Active Discussion

How the AI Tribunal Works — Three-Seat Adversarial Pipeline

Mandarin

Posted Wed, 18 Mar 2026 - 18:56

How the AI Tribunal Works

The AI Tribunal is a multi-LLM adversarial analysis pipeline that evaluates policy proposals against a causal model of Canadian systemic infrastructure. Three independent AI systems analyze each proposal through four phases. No single model controls the outcome. The system is designed to find flaws, not confirm conclusions.

Purpose

Canadian legislation is typically evaluated in isolation — each bill assessed on its own merits without systematic measurement of how it interacts with the broader infrastructure it touches. A housing bill is scored by the housing committee. A healthcare bill by the health committee. Neither sees the causal chain connecting them.

The AI Tribunal exists to fill that gap. It evaluates every bill against a single, unified model of how Canada’s systems actually connect — 407 variables, 3,354 causal edges, 46 constitutional doctrines — and asks a simple question: does this bill fix the system, mask the symptoms, or make things worse?

The Three Seats

The Tribunal uses three AI systems in blind rotation. Each session assigns different roles to different models, preventing any single AI’s biases from dominating.

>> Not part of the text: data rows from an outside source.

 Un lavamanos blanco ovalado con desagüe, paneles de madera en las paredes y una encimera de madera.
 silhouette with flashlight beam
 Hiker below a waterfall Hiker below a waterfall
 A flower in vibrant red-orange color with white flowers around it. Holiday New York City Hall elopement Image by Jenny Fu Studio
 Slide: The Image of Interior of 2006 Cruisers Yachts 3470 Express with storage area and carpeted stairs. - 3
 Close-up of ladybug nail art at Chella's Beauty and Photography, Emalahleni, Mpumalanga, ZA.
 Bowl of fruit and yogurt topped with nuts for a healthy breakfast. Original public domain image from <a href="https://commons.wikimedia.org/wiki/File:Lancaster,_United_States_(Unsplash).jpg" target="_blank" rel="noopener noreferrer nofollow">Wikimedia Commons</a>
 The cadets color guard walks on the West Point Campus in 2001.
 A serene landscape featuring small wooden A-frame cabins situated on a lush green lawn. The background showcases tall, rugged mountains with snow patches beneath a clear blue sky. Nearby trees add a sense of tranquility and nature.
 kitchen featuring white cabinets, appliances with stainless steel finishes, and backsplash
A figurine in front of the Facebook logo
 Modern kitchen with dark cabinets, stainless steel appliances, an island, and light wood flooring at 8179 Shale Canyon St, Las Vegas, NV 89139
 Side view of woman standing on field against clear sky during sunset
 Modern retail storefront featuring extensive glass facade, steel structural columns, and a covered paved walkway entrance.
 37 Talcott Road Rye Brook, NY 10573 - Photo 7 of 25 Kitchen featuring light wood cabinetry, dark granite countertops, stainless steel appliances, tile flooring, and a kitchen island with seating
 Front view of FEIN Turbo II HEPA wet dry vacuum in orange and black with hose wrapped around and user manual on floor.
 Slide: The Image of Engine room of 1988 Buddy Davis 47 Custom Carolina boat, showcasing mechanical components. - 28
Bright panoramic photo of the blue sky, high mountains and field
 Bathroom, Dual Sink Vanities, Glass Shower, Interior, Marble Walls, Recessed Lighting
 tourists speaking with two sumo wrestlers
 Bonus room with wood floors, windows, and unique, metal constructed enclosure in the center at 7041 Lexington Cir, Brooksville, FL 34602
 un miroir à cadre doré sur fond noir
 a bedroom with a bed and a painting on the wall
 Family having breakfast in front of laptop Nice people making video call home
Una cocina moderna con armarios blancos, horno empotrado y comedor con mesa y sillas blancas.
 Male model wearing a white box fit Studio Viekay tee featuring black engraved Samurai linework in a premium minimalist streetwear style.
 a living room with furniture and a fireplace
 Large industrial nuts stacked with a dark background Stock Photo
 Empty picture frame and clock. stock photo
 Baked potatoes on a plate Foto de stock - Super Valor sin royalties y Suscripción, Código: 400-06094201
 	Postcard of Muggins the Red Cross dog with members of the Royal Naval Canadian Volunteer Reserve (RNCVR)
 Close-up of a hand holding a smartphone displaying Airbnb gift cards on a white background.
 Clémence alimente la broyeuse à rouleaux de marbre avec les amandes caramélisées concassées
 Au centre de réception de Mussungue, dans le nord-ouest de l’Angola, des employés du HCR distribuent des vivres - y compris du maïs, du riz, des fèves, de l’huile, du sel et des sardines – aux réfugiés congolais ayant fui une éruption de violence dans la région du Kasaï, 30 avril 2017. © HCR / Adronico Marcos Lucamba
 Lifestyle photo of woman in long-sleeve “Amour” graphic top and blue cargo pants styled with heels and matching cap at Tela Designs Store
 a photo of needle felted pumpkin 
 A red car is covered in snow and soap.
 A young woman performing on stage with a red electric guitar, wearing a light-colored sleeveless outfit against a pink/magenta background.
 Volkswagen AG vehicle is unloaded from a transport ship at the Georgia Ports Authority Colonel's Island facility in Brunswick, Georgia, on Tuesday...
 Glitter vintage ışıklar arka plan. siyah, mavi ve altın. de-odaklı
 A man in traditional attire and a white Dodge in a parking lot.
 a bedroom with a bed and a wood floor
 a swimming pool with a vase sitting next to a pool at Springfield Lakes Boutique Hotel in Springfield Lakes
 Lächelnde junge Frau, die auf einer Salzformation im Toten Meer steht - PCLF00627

Seat	Model	Provider	Characteristics
Seat 1	Claude Sonnet 4	Anthropic (API)	Strong structured reasoning. Produces well-formatted JSON output. Tends toward balanced assessment — finds merit even in weak proposals. Best as adjudicator for clean score extraction.
Seat 2	Gemini 2.5 Pro	Google (API)	Rich analytical depth. Produces comprehensive challenger rebuttals. Identifies causal pathways that other models miss. Best as challenger for adversarial rigour.
Seat 3	qwen3:8b	Local (Ollama on AMD RX 7800 XT)	Open-source, 8 billion parameters, runs locally on consumer GPU. Stays closer to graph structure than larger models. Caught the sovereignty heterogeneity gap that Claude and Gemini missed across two sessions. Best at graph-grounded reasoning on specific variable clusters.

Why Three Models?

A single AI system evaluating policy would carry its training biases into every assessment. Two systems can deadlock. Three systems with blind rotation ensure that:

No model knows which other models are in the session
Each model serves as analyst, challenger, and adjudicator across different sessions
Scoring disagreements are resolved by evidence, not authority
A small local model can catch gaps that expensive API models miss (and did)

Blind Rotation

Three rotation patterns cycle across sessions:

Rotation	Analyst	Challenger	Adjudicator
0	Claude	Gemini	qwen3:8b
1	Gemini	qwen3:8b	Claude
2	qwen3:8b	Claude	Gemini

The adjudicator receives “Assessment A” and “Assessment B” without knowing which model produced which. The synthesizer (always the same model as the analyst) produces the publishable article.

The Four Phases

Phase 1: Analysis

The analyst receives:

The bill’s actual legislative text (clauses, amendments, enacting provisions)
Graph topology from the RIPPLE causal graph (variable connectivity, edge weights)
Relevant variable effects (downstream impacts of the variables the bill targets)
Community context from Pond forum discussions
Consensus vote data from HCS-verified community polls
Constitutional authority mappings from the ABE framework

The analyst must score the bill against all Seven Laws of Systemic Rot, identify strengths and weaknesses, and — critically — prescribe specific amendments and companion legislation that would improve the bill’s scores. The Tribunal does not just critique. It builds.

Phase 2: Challenge

The challenger receives everything the analyst received, plus the analyst’s full output. The challenger’s mandate:

Find flaws, blind spots, and overlooked causal pathways
Challenge overly generous scores with graph evidence
Flag assumptions that don’t hold under stress conditions
Check whether community sentiment contradicts the analyst
Propose better alternatives to the analyst’s solutions

The challenger is adversarial by design. If the analyst says the bill works, the challenger must find evidence that it doesn’t. This is not balance for its own sake — it is structural pressure to ensure that only robust conclusions survive.

Phase 3: Adjudication

The adjudicator receives both assessments (labelled A and B, origin unknown) and resolves disagreements based on evidence weight:

Where A and B agree: high confidence (record the agreement)
Where they disagree: determine which has stronger graph evidence
Issue final scores that reflect the weight of evidence, not the average of opinions
Synthesize the best solutions from both assessments into a unified reform prescription

The adjudicator’s scores are authoritative. The composite score and verdict are computed from the adjudicator’s output.

Phase 4: Synthesis

The synthesizer produces a publishable article covering: the bill’s legislative context, the adversarial analysis (both perspectives), the final verdict with scores, what the bill gets right and wrong, and — most importantly — the Tribunal’s prescribed reform package with specific amendments, companion legislation, sequencing, cost estimates, and failure revenue displacement.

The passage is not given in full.